Fiction Writing Genres Explained

Western
Maybe you’d like to write about how the West was really won. Two time frames to consider in this category. Most Westerns are set after the Civil War period. But you can also have Modern Westerns. And in the West, you’ll find cowboys, Indians, lawmen, townspeople, etc. Women are also breaking new ground with a genre labeled as Women’s Westerns.

Horror/Occult
Will people turn on all the lights in their house just to read your book? If you can hear those blood-curdling screams in your head, then you must be a Horror/Occult writer. Monsters, vampires, werewolves, ghosts and other living dead or dead-dead all belong in these scary books.

Romance
These novels are mainly geared towards women. They usually involve sex but not as elaborate as the Erotic genre. Several subcategories fall into the Romance genre. There’s Contemporary, which is a period piece. Gothic usually highlights an inexperienced girl living in an old house or castle. She’s pursued by an evil man but is rescued by a handsome prince, so-to-speak. Historical Romances now include the Bodice-Ripper subgenre, where relations can get quite rough.

Action/Adventure/Thriller
You’re mainly looking at a fast-paced novel. A hero. A villain. Both the hero and the villain are seeking the same goal. Most take place in an exotic setting.

Mystery
This genre also includes Crime, Detective and Caper novels. Most involve the crime of murder. Chapters are spent trying to solve the murder. Some of these just have crime.

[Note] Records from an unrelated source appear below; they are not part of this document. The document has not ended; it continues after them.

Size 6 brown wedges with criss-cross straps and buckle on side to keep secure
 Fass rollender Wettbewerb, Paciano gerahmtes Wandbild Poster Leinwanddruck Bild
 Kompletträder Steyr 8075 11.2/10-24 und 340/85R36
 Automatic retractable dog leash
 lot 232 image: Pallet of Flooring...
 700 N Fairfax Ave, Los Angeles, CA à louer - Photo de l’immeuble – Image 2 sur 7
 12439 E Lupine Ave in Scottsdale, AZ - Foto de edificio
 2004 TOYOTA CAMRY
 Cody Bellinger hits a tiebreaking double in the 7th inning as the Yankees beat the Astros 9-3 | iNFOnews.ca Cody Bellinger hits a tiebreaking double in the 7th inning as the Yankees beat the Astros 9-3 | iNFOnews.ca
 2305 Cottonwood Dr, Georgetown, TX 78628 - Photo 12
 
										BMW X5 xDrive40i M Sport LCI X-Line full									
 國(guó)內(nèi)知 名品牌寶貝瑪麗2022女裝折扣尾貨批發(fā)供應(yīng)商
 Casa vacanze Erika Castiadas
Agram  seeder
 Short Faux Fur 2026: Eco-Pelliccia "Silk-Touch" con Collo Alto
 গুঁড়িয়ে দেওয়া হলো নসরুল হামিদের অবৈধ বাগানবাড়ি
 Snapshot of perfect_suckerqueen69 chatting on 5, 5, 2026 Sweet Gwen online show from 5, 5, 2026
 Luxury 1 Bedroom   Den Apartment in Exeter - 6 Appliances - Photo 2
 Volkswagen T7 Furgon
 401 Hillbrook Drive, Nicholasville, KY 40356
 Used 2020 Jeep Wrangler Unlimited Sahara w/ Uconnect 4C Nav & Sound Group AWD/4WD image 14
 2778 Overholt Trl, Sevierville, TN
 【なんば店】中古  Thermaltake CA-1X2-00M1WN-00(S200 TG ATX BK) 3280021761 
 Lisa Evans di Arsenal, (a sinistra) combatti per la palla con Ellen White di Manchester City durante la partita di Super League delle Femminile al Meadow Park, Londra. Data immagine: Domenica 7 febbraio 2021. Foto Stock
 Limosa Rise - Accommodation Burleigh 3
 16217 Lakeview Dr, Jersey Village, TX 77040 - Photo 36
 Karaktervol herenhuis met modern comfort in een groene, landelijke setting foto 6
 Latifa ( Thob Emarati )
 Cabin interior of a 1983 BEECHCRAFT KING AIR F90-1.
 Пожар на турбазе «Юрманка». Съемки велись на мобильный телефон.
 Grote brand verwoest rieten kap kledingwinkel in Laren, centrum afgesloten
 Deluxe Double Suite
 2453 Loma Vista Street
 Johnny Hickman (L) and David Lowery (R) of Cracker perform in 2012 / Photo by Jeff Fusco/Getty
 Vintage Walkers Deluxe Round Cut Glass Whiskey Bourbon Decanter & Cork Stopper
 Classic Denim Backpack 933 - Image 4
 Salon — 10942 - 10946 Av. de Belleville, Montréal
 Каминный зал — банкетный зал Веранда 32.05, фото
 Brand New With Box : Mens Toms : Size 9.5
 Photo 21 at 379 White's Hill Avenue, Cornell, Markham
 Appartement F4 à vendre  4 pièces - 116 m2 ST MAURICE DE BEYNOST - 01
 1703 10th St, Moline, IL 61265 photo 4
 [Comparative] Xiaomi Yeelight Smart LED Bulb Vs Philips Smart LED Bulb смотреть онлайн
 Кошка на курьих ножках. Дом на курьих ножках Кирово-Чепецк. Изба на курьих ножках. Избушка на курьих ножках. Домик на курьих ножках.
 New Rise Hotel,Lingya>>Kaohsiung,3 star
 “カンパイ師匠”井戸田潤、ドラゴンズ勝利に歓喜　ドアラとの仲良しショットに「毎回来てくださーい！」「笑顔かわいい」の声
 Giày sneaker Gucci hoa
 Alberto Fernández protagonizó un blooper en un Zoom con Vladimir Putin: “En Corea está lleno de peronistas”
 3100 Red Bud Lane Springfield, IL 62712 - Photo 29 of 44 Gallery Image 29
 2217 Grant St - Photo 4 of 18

Breaking these categories down even further, you’ll find clues, hard-boiled action or even romances within the story line in Detective and Mystery novels.

Young Adult
Publishers can break the Young Adult genre down into Sci-Fi, Thriller, Mystery, etc. The primary goal is to have a protagonist that’s the same age as the intended audience. Young Adult usually ranges in ages from 12 to 18 and sometimes in the early 20s.

Understanding these different genres helps you focus on a specific group so you can become the next Judith Krantz, Stephen King, Judy Blume, John Grisham – no matter what you write!